Second, the year-over-year decline in retail sales is also coming off of peaks that have normally been associated with the peak of economic expansion. With consumers strapped for cash, unemployment remaining high and a struggle to meet the rising cost of living; the economy is showing signs of anemic growth and any retrenchment of the consumer at this point will push the economy closer to recessionary levels. This is most likely why we saw Ben jump the gun yesterday and start hinting at QE 3 as second quarter GDP is most likely going to come in much weaker than most economists expect.
Automobile sales were up last month, unfortunately since that was mostly the stuffing of the deal channels, they were down this month more than they were up last month. Most concerning is the decline in electronics and appliances – this has now become a persistent problem and reflects the lack of discretionary spending habits. It also underlines the bad reports from the few earnings releases we’ve seen in that space and since this is a leading area in consumption – none of this is a good sign.
In fact the trends in all of the highly discretionary areas like hobbies, sporting goods and books along with electronics are all showing deterioration. The year-over-year trends are not positive.
So, while the headlines are shouting the “bullish headline of the day” let’s not let the reality of the situation quietly slip by.
Jobless Claims Obfuscating The Obvious
Jobless Claims for the latest week came in still above 400k but less than the consensus estimate of 415k. Sounds good on the surface and the media is playing it up as if the economy is now firmly back on track. However, let’s crack open the can and take a look inside:
- Automakers are not shutting down, which they normally do, so the seasonally adjusted number is affected.
- Last week’s claims are continually adjusted higher as last week’s claims number was pushed from 418k to 427k. This week’s number will be adjusted up next week so today’s number is pretty bogus.
- Here are the real numbers:
- Non-seasonally adjusted claims – up 45k to 470k
- Continuing claims – 3,727k vs expectations of 3,680k
- This number is also bogus as last week’s number was adjusted UP from 3,681k to 3,712k
Karl Denniger also noted that “…there was a ‘special factor’ listed in Minnesota as well (their government shutdown) but in addition the July 4th Holiday meant that there was one fewer reporting days in this week. Then there’s the whopper of the revision, which basically doubled the decline they reported.”

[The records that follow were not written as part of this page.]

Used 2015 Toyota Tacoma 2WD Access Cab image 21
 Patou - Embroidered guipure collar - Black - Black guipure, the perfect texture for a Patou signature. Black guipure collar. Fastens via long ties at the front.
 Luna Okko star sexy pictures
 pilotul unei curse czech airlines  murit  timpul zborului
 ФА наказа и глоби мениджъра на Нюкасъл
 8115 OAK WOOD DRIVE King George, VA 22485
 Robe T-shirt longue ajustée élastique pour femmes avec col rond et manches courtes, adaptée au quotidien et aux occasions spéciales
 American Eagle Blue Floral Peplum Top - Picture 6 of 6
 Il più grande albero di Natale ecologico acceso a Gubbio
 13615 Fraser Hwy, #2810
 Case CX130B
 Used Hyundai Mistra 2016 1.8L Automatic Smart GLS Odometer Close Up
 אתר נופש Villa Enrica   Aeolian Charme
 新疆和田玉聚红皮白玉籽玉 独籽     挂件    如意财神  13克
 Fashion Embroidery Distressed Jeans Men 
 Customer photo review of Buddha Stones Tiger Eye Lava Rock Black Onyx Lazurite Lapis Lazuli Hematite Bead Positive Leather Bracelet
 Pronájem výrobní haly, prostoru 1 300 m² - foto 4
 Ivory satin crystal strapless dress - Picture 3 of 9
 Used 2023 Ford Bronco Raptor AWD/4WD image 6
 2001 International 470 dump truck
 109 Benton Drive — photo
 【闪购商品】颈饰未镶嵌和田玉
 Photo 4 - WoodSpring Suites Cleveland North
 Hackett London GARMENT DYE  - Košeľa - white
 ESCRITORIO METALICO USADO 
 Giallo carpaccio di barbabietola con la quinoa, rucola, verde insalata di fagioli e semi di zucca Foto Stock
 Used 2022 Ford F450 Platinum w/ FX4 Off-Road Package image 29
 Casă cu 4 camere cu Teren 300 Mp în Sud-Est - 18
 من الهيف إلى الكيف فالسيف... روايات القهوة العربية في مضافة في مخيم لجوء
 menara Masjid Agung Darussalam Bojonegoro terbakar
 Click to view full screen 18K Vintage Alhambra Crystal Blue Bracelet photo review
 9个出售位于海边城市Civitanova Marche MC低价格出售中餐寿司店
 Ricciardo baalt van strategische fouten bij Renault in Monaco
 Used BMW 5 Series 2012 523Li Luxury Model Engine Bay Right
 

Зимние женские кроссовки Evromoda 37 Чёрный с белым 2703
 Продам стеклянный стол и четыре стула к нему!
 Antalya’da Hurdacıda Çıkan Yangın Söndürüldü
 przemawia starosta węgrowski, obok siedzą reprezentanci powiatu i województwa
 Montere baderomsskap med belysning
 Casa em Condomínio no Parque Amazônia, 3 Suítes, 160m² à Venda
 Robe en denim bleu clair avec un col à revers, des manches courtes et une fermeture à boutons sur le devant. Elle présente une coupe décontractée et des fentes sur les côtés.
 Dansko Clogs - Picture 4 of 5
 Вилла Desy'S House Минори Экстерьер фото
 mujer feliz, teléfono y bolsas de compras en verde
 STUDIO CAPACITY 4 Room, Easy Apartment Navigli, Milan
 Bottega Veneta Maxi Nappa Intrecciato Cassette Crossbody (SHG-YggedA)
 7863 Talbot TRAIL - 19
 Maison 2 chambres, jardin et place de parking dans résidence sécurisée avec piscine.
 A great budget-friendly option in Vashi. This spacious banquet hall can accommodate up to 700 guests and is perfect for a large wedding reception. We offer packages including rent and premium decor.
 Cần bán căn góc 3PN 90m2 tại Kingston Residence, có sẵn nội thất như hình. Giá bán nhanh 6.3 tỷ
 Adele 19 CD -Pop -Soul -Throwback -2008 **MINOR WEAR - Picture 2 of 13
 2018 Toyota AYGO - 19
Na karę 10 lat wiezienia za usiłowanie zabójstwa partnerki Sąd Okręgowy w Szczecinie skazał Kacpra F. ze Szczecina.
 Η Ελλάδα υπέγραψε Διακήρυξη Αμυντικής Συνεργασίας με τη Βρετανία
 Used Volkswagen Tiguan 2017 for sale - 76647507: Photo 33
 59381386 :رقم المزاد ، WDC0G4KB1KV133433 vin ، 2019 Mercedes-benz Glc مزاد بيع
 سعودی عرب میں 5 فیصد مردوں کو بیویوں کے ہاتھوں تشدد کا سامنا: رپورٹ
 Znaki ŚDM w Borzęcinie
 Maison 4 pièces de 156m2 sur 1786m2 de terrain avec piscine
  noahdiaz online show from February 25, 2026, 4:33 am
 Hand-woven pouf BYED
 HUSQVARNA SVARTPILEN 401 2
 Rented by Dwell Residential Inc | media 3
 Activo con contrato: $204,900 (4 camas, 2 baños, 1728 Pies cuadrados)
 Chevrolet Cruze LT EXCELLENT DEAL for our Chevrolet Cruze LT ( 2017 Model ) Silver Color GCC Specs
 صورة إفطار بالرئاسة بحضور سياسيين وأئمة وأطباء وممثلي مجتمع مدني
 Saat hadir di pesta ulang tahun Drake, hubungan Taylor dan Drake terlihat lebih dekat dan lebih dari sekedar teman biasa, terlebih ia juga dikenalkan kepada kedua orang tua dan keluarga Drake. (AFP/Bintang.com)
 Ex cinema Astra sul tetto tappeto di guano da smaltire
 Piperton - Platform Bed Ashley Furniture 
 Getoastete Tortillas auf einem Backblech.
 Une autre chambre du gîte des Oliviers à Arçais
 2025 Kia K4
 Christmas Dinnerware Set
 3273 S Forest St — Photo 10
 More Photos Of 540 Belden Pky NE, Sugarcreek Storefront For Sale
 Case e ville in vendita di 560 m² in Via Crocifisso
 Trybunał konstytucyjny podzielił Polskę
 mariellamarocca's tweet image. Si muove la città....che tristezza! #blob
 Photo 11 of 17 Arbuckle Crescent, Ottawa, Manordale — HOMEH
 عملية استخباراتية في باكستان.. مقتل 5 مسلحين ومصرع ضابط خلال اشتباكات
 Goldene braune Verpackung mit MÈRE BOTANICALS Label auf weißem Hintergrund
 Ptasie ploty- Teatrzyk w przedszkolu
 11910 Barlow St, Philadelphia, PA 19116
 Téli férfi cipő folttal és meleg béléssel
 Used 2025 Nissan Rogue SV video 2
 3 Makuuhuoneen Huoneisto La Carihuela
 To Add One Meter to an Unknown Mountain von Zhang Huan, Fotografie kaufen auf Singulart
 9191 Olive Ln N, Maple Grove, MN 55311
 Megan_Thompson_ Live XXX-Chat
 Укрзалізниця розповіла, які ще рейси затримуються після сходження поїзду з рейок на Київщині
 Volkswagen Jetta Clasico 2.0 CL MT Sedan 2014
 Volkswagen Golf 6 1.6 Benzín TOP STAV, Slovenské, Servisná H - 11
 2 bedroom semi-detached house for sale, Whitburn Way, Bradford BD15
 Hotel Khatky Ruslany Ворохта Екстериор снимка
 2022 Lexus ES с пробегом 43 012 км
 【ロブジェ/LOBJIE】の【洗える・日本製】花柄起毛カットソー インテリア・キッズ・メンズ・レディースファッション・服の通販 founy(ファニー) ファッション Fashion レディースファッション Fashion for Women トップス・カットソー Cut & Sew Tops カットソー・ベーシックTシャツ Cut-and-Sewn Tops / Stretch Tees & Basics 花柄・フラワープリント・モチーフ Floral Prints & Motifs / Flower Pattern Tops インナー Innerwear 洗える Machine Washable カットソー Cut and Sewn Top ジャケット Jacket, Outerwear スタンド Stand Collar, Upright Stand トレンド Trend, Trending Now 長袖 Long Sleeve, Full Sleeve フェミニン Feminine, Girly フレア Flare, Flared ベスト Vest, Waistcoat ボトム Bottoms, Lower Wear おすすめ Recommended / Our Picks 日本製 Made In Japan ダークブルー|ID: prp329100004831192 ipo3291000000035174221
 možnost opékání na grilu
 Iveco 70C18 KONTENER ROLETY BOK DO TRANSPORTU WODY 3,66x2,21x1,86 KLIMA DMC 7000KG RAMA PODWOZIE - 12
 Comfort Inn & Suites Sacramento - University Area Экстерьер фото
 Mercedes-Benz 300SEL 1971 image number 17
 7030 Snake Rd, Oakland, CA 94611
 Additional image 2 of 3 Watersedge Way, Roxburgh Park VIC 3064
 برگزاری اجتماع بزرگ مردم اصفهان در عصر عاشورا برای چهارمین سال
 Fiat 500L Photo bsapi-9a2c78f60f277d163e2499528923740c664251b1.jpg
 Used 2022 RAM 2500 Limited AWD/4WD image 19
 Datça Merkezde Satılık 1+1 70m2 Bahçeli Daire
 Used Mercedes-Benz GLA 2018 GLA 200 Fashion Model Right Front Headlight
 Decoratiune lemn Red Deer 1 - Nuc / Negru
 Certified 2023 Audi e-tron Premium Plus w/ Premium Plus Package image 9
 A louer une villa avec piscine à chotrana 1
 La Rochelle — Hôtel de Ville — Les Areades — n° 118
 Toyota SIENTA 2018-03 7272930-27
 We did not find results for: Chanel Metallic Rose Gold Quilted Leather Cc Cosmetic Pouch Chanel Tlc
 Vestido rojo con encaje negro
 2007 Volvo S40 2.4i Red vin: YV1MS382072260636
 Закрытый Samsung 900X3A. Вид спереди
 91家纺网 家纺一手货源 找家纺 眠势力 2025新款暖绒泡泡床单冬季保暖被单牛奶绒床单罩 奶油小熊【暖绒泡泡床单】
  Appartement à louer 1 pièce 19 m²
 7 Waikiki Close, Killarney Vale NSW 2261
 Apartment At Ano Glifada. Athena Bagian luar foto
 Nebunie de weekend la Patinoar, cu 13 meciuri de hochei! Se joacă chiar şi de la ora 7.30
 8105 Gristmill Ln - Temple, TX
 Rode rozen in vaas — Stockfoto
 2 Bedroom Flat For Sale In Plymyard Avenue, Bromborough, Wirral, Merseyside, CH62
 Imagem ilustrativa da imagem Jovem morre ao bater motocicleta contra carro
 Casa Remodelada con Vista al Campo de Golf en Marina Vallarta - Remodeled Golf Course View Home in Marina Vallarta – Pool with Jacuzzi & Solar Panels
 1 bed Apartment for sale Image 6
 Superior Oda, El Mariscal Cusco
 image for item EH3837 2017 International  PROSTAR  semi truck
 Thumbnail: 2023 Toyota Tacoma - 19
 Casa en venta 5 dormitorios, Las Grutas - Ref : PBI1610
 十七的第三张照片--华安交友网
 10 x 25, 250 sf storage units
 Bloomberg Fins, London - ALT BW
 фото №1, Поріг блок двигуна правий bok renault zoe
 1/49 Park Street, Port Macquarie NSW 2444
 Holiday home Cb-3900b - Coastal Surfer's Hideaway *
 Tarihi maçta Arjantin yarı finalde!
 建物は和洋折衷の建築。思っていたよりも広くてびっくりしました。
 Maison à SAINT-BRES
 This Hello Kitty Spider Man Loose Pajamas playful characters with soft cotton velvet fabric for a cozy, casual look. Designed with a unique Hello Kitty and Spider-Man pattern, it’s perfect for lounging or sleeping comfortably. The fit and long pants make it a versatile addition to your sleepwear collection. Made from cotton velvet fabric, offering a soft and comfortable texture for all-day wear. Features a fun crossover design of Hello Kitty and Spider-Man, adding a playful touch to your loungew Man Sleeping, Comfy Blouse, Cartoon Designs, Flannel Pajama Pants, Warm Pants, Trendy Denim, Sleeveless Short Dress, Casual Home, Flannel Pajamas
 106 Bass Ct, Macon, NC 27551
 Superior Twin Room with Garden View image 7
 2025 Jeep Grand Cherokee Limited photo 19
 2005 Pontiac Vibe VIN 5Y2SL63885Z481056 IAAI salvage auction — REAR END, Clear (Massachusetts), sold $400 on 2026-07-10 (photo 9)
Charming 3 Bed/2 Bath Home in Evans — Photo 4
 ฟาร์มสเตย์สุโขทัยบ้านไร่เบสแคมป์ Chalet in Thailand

Once again it is important to remember that jobless claims ABOVE 300k is normally where we are worrying about a recession and we are currently remaining well above 400k for the last two years with the exception of a very small dip for about a month below that level. Regardless, this is not the type of initial claims numbers that should be promoting conversations of impending economic growth – that is the rhetoric of the past two years.